What is a beeswarm plot?

Imagine you want to know how your friends' height is distributed. To do this, you can use a swarm plot, which is a visual way of seeing individual data points (in this case, the height of your friends) and how they are distributed, with no two data points overlapping and all forming a neat line from shortest to tallest. It allows you to quickly understand the extent and distribution of data without losing any information.

Libraries

Since matplotlib does not have a function for beeswarm plot, we will need to create our own. We will use (slightly modified) functions suggested by MichaelClerx and Roger Vadim on Stackoverflow here.

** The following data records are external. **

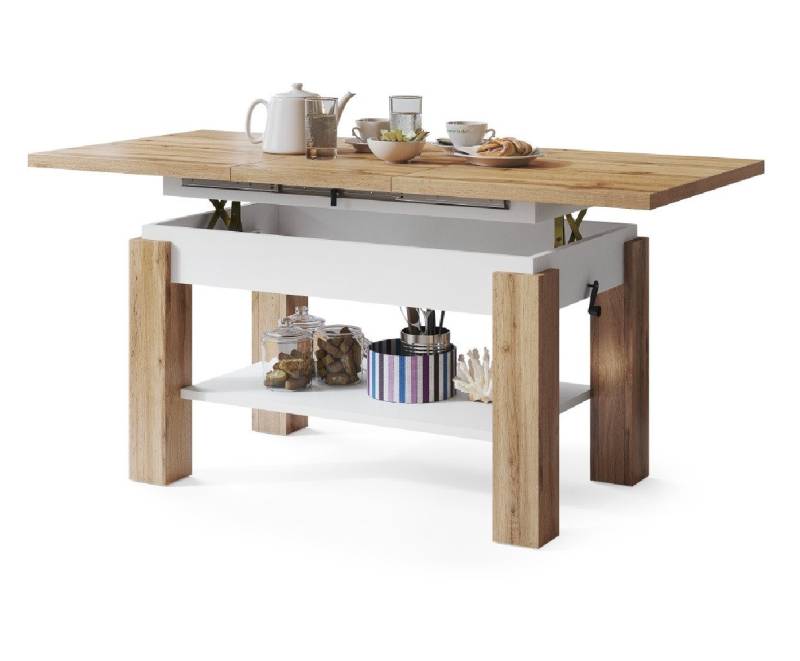 designimpex Couchtisch Couchtisch Astoria Eiche Wotan / Weiß matt höhenverstellbar ausziehbar, Funktionstisch, Wohnzimmertisch, Tisch, Esstisch, Sofatisch von designimpex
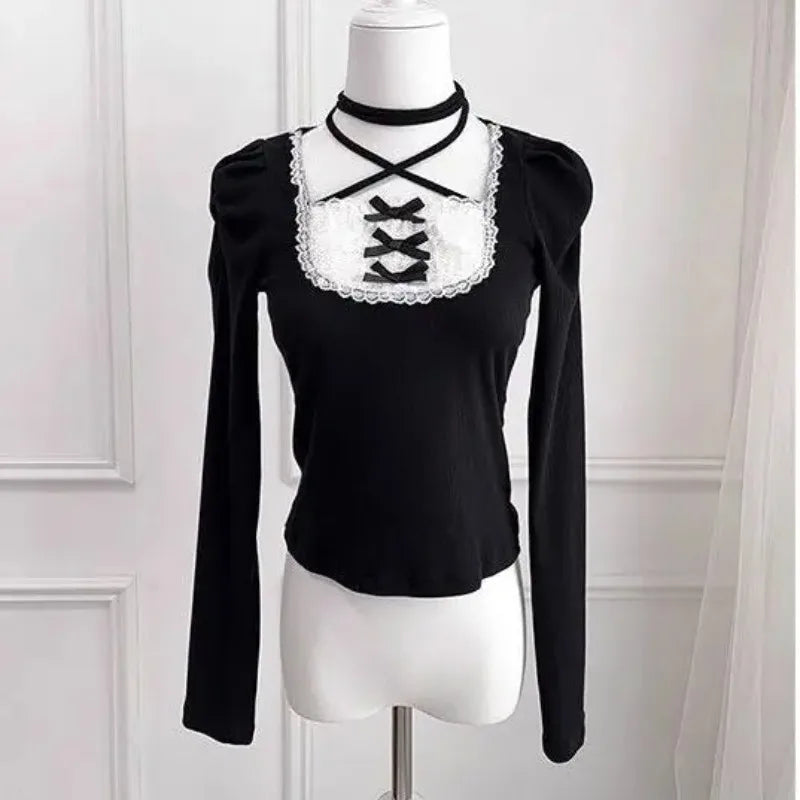 The Amélie Ruffled Chiffon Blouse | V-Neck Puff Sleeve Lolita Shirt | Sweet Parisian Top | Parisian Princess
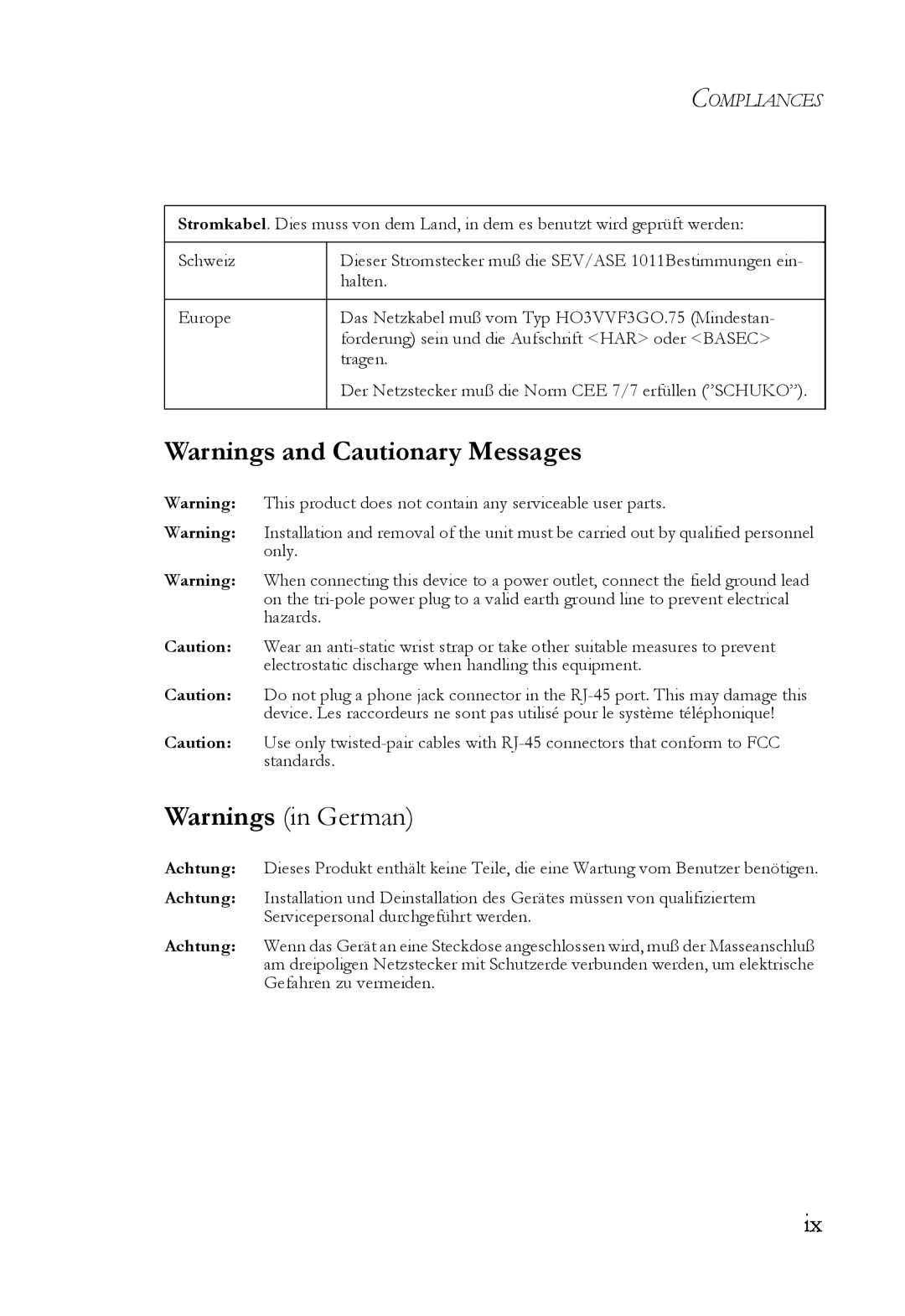 SMC Networks SMCGS24 manual Warnings and Cautionary Messages, Warnings in German, Compliances 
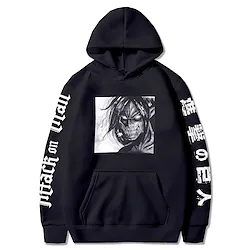 Inspired by Attack on Titan The Founding Titan Wings of Freedom Levi·Ackerman Cartoon Manga Back To School Anime Harajuku Graphic Kawaii Hoodie For Unisex All Couple's Adults' Hot Stamping Polyster Lightinthebox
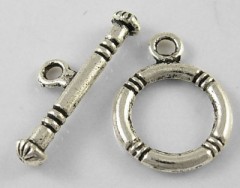 Тоггл "Кольцо с полосками", светлое серебро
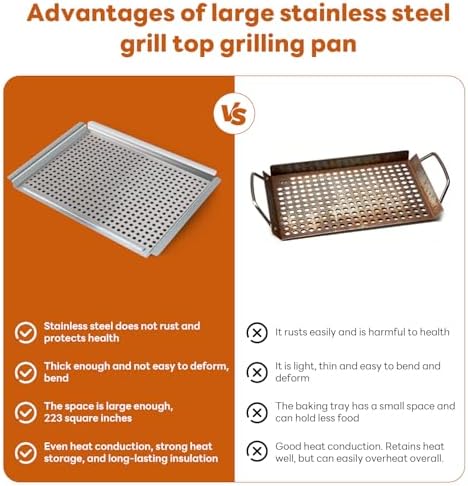 Grill pan, Grill topper for outdoor grill with hole, 17.7 * 12.6 Cooking Surface, Stainless steel grill pan for Gas Grill,camping or party (larger)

First, you need to install the following librairies:

  • matplotlib is used for plot customization purposes and display the chart
  • numpy is used to generate some data and create the chart
  • pandas is used to create a datafram from the numpy generated data
# Libraries
import matplotlib.pyplot as plt
import numpy as np
import pandas as pd

Dataset

First, we need to create data with 2 groups. To do this, we take the following steps:

  • Define the sample size per group. Given that we have two groups, there will be 50 people in each, for a total of 100.
  • Create the data for each group (here, we give them a different mean with loc=100 VS loc=130, in order to have sufficiently different groups)
  • Create the list containing the group name for each observation
  • Put all this data into a pandas dataframe

The categorical variable will only be used to represent the distribution of several groups on the same graph.

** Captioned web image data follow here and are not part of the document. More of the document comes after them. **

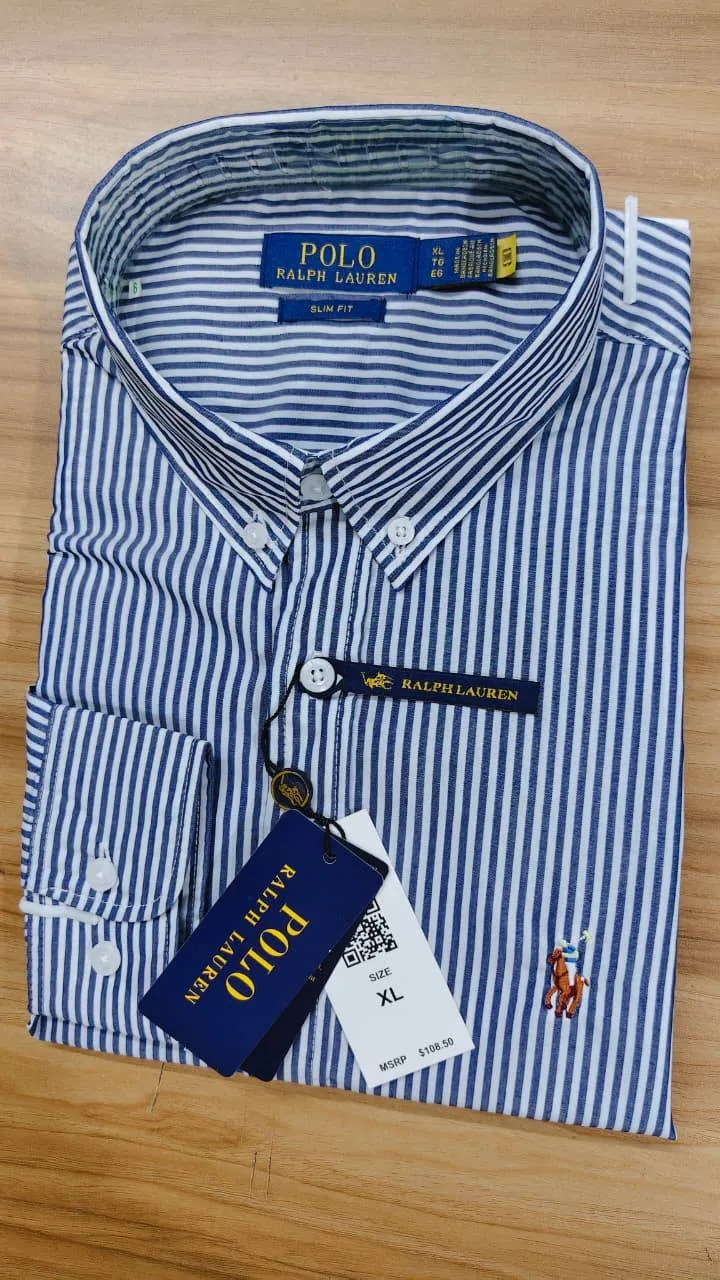 Polo Ralph Lauren Men’s Slim Fit Striped Long Sleeve Shirt – Master Copy thumbnail 3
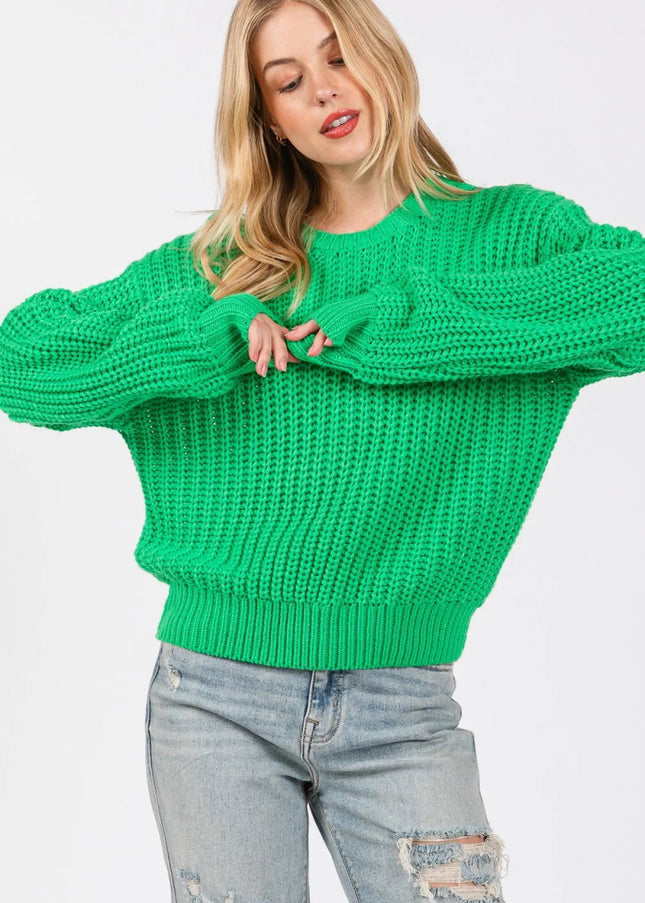 SAGE + FIG Round Neck Drop Shoulder Sweater - Sleekdenim.com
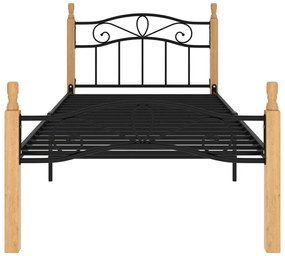 Estrutura de cama 90x200 cm metal/madeira carvalho maciça preto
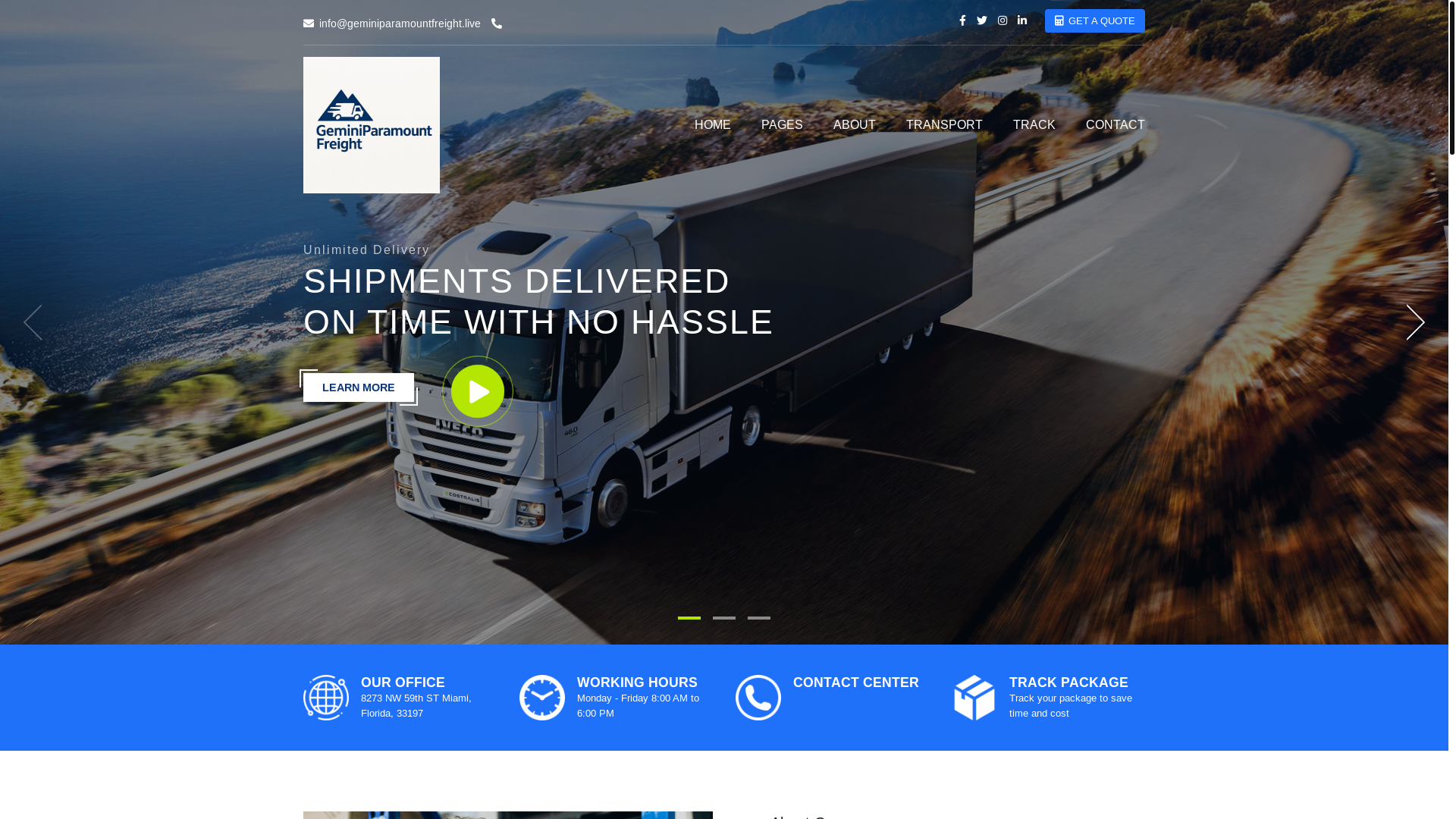 website screenshot of https://geminiparamountfreight.live/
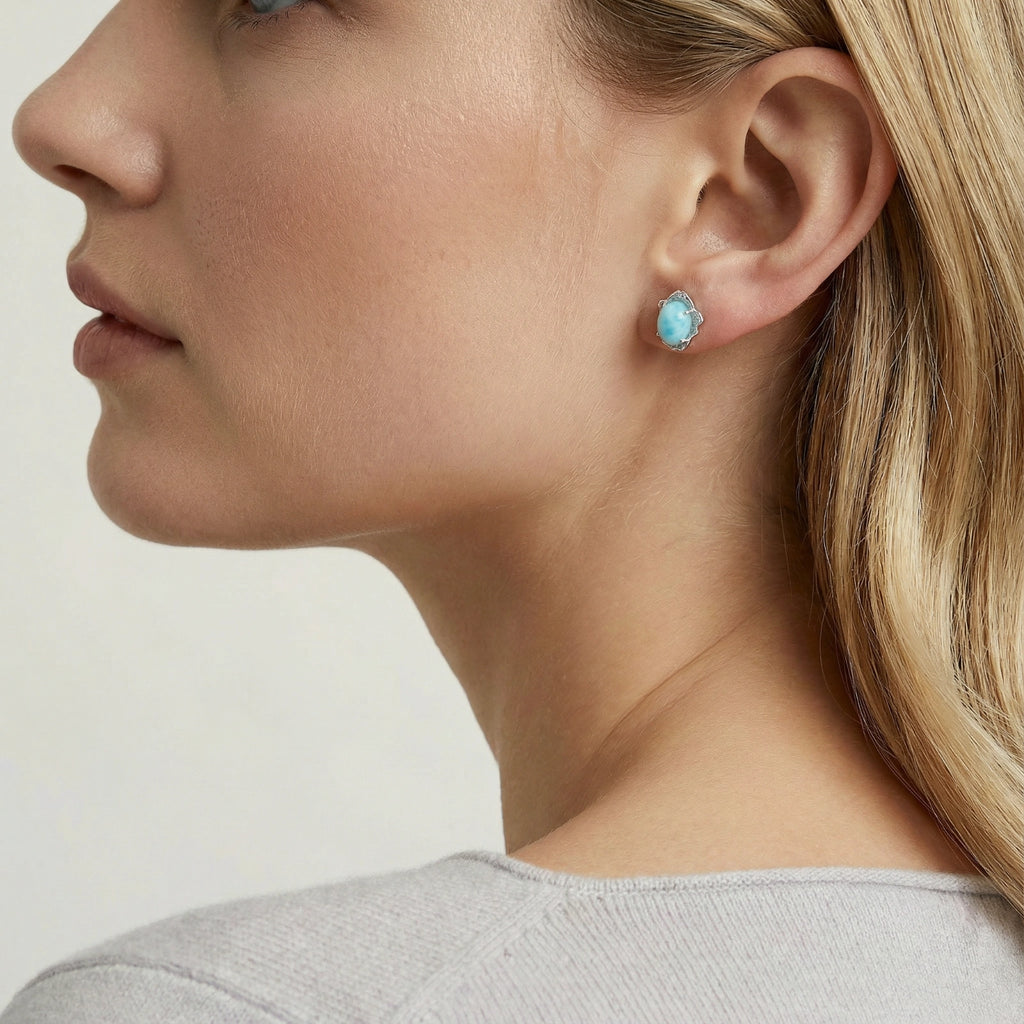 Larimar Stud Earrings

# Random variables following a normal distribution
sample_size = 100  # Define the size of the random data samples.
# Generate data points for 'Group 1'
data_group1 = np.random.normal(loc=100, scale=30, size=sample_size)
# Generate data points for 'Group 2'
data_group2 = np.random.normal(loc=130, scale=30, size=sample_size)
# Concatenate the data to create a combined dataset
data_combined = np.concatenate([data_group1, data_group2])
# List that indicates the category for each data point
category_feature = ['Group1'] * sample_size + ['Group2'] * sample_size

# Store this data into a pandas df
df = pd.DataFrame({'numerical_variable': data_combined,
                   'categorical_variable': category_feature})

Basic beeswarm plot

The following code is a function that displays a simple bee swarm graphic, with a title and an axis name.

The main steps of the function involve dividing the data into bins based on the provided number of bins or a default value, calculating the upper bounds for each bin, and then arranging the data points in each bin to create the horizontal spread in the plot, ensuring they don't overlap.

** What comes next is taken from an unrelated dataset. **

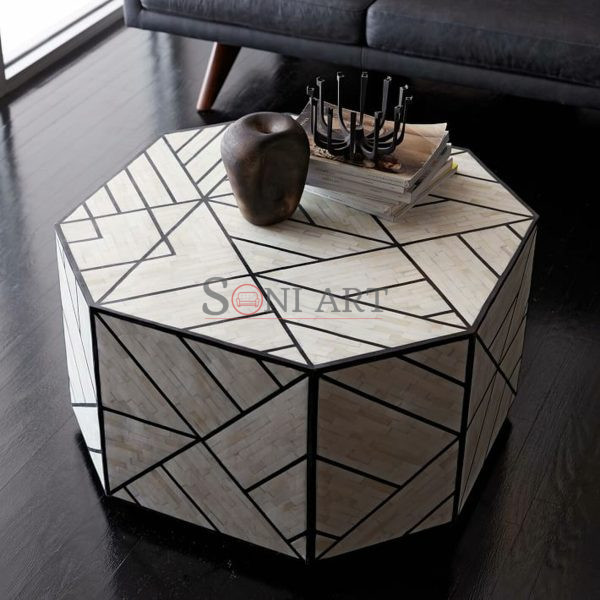 GeoTrace Bone Inlay Octagon Coffee Table by Soni Art | Wooden Coffee Table Online | Buy Coffee Table Online | Soni Art | Bone Inlay Furniture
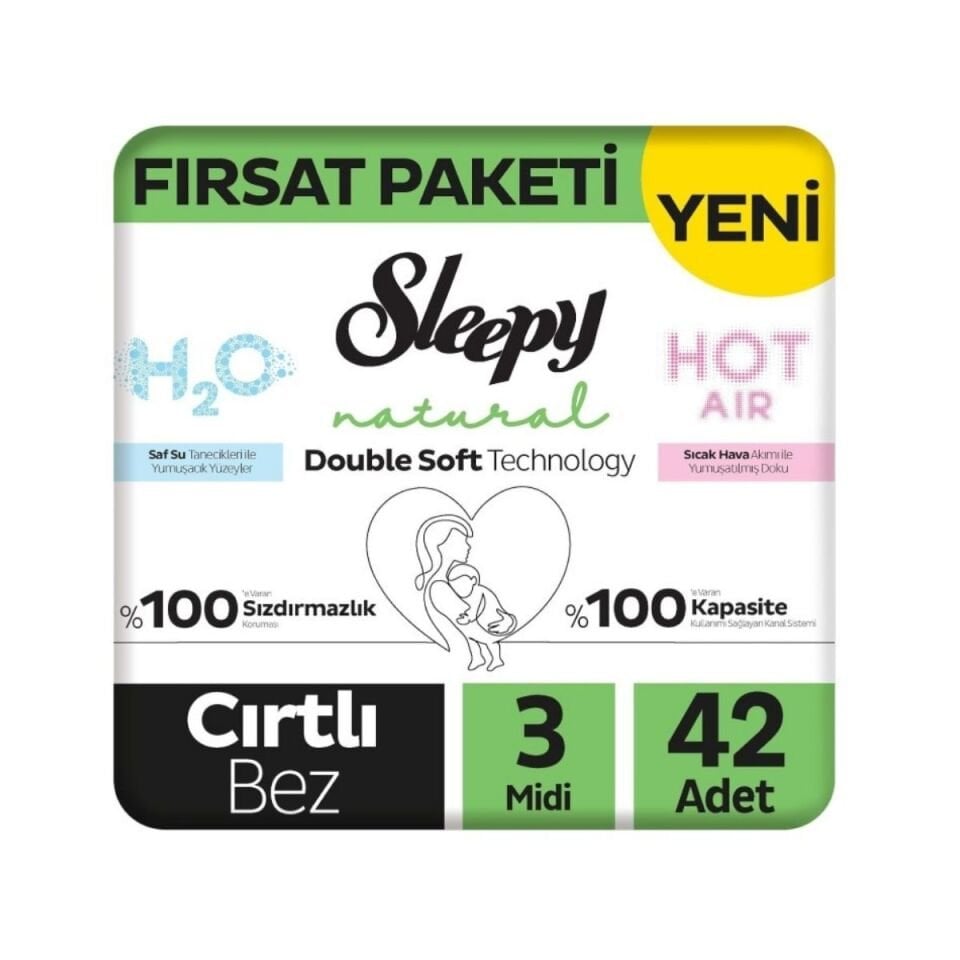 Sleepy 3 Double Soft Natural Fırsat Paket (midi) 42 Adet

The function ultimately returns the array x, which contains the x positions of the data points for the beeswarm plot.

Once we have defined our function, the code sets up the figure, subplot, hides the x-axis, calculates the beeswarm plot using simple_beeswarm(), and then displays the plot using plt.show(). All these steps are necessary to create and show the beeswarm plot.

def simple_beeswarm(y, nbins=None):

    # Convert y to a NumPy array
    y = np.asarray(y)

    # Calculate the number of bins if not provided
    if nbins is None:
        nbins = len(y) // 6

    # Get upper and lower bounds of the data
    x = np.zeros(len(y))
    ylo = np.min(y)
    yhi = np.max(y)

    # Calculate the size of each bin based on the number of bins
    dy = (yhi - ylo) / nbins

    # Calculate the upper bounds of each bin using linspace
    ybins = np.linspace(ylo + dy, yhi - dy, nbins - 1)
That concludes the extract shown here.